Hi mates !
I’m a PyMC3 beginner, the last weeks I was looking at all your posts for my specific doubts but I found a trouble with that Distribution and I want to share with you. If you can help me, I would be grateful.
The issue is when I want to plot a normal Geometric Discrete Distribution:
(In a .py program)
nombres_clientes = pm.Geometric('clients_names', p=0.02685)
trace = pm.sample(10000, cores=1)
pm.plot_posterior(trace)
My result is:
What I want is to limit the distribution between [1,100], I don’t want more data than 100. That is because I want only to pick values between that interval, to identify each number to a real name, and my database size is 100.
It could be maybe an stupid problem but I’ve been two hours trying to do it. I thought to use with logp function but I don’t know very well how to write in it.
Thankyou communiy.
You can use pm.Bound() to achieve this
with pm.Model() as model:
names1 = pm.Geometric('names1', p=0.02685)

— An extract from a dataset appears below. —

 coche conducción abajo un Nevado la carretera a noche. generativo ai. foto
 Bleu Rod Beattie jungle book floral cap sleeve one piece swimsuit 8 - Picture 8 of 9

names2 = pm.Bound(pm.Geometric, upper=100)('names2', p=0.02685)
trace = pm.sample(10000, cores=1)
pm.plot_posterior(trace);
3 Likes
Or a potential:
with pm.Model():
g = pm.Geometric('g', p=.01)
pm.Potential('constrain', tt.switch((g<1) | (g>100), -np.inf, 0.))
trace = pm.sample()
3 Likes
Thankyou both ! I got my goal
@junpenglao @nkaimcaudle Sorry for opening the post again, but if I want to limit a continuous distribution, again between 0 and 101, what should I use ?
I did that:
import numpy as np
import pymc3 as pm
import theano.tensor as tt
with pm.Model() as nombre_Agapito:
edad = pm.Weibull("edad", alpha=2.2309, beta=0.02945)
dist = pm.Potential('dist', tt.switch((edad<1) | (edad>100),-np.inf, 0.))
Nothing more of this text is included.